UNITED STATES
SECURITIES AND EXCHANGE COMMISSION
WASHINGTON, DC 20549
SCHEDULE TO
(Rule 13e-4)
TENDER OFFER STATEMENT UNDER SECTION 14(d)(1) OR 13(e)(1)
OF THE SECURITIES EXCHANGE ACT OF 1934
INDEPENDENCE HOLDING COMPANY
(Name of Subject Company (Issuer) and Filing Person (Offeror))
Common Stock, par value $1.00 per share
(Title of Class of Securities)
453440307
(CUSIP Number of Class of Securities)
David T. Kettig
President and Chief Operating Officer
c/o The IHC Group
485 Madison Avenue, 14th Floor
New York, NY 10022
(212) 355-4141
(Name, Address and Telephone Number of Person Authorized to Receive Notices and
Communications on Behalf of Filing Person)
Copies to:
Nicholas R. Williams
Per B. Chilstrom
Clifford Chance US LLP
31 West 52nd Street
New York, NY 10019-6131
(212) 878-3079
CALCULATION OF FILING FEE
Transaction Valuation* | Amount of Filing Fee** | |
$27,000,000 | $3,504.60 |
* Estimated solely for purposes of calculating the filing fee. The transaction valuation was determined by multiplying $27.00 (the tender offer price) by 1,000,000, the estimated maximum number of shares of common stock, par value $1.00, of Independence Holding Company to be acquired in the tender offer.

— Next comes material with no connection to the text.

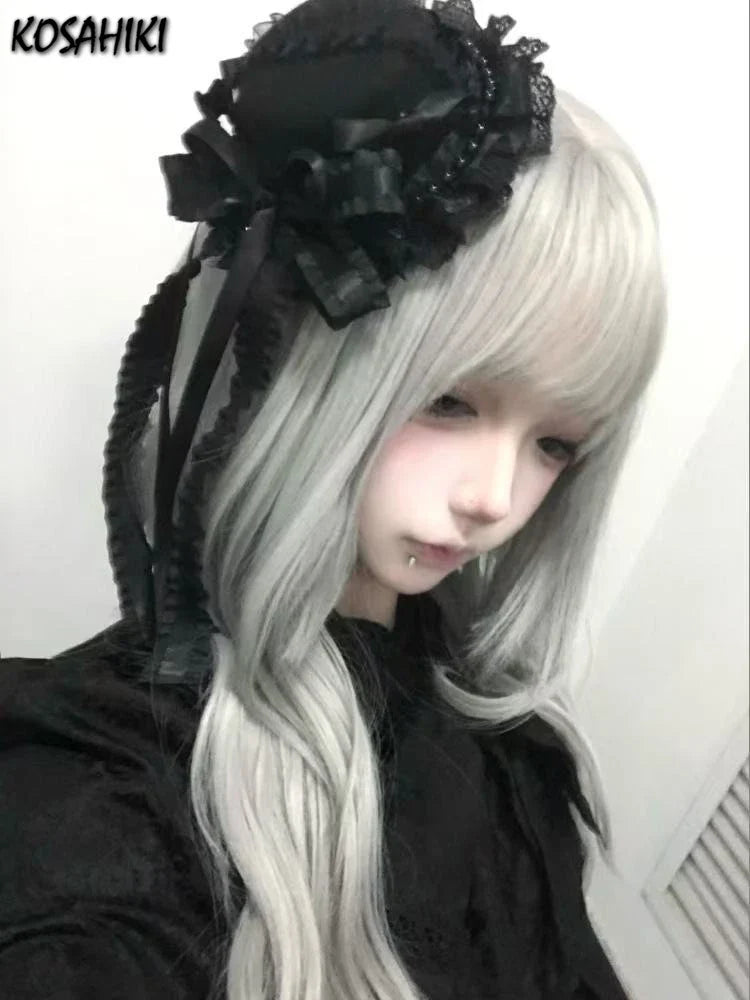 Gothic Lolita Lace Patchwork Headdress Women Cosplay Party Headband Gothic Bow Hat Japanese Y2k Aesthetic Hair Accessories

** The filing fee, calculated in accordance with Rule 0-11 of the Securities Exchange Act of 1934, as amended, is calculated by multiplying the transaction valuation by .0001298.
¨ | Check the box if any part of the fee is offset as provided by Rule 0-11(a)(2) and identify the filing with which the offsetting fee was previously paid. Identify the previous filing by registration statement number, or the Form or Schedule and the date of its filing. |
Amount Previously Paid: Not applicable | Filing Party: Not applicable |
Form or Registration No.: Not applicable | Date Filed: Not applicable |
¨ | Check the box if the filing relates solely to preliminary communications made before the commencement of a tender offer. |
Check the appropriate boxes below to designate any transactions to which the statement relates:
¨ | Third-party tender offer subject to Rule 14d-1. |
x | Issuer tender offer subject to Rule 13e-4. |
¨ | Going-private transaction subject to Rule 13e-3. |
¨ | Amendment to Schedule 13D under Rule 13d-2. |
Check the following box if the filing is a final amendment reporting the results of the tender offer:¨
If applicable, check the appropriate box(es) below to designate the appropriate rule provision(s) relied upon:
¨ | Rule 13e-4(i) (Cross-Border Tender Offer) |
¨ | Rule 14d-1(d) (Cross-Border Third-Party Tender Offer) |
This Tender Offer Statement on Schedule TO (and, together with any amendments and supplements thereto, the “Schedule TO”) relates to the offer by Independence Holding Company, a Delaware corporation (the “Company” or “IHC”), to purchase up to 1,000,000 shares of its common stock, par value $1.00 per share (the “Shares”), at a price of $27.00 per Share, net to the seller in cash, without interest, less any applicable withholding tax (such price, or any different price per Share as may be paid, the “Purchase Price”), upon the terms and subject to the conditions set forth in the Offer to Purchase, dated April 24, 2020, attached hereto as Exhibit (a)(1)(i) (the “Offer to Purchase”), and in the related Letter of Transmittal, attached hereto as Exhibit (a)(1)(ii) (the “Letter of Transmittal”), which, together with any amendments or supplements thereto, collectively constitute the “Offer.” This Schedule TO is intended to satisfy the reporting requirements of Rule 13e-4(c)(2) promulgated under the Securities Exchange Act of 1934, as amended (the “Exchange Act”).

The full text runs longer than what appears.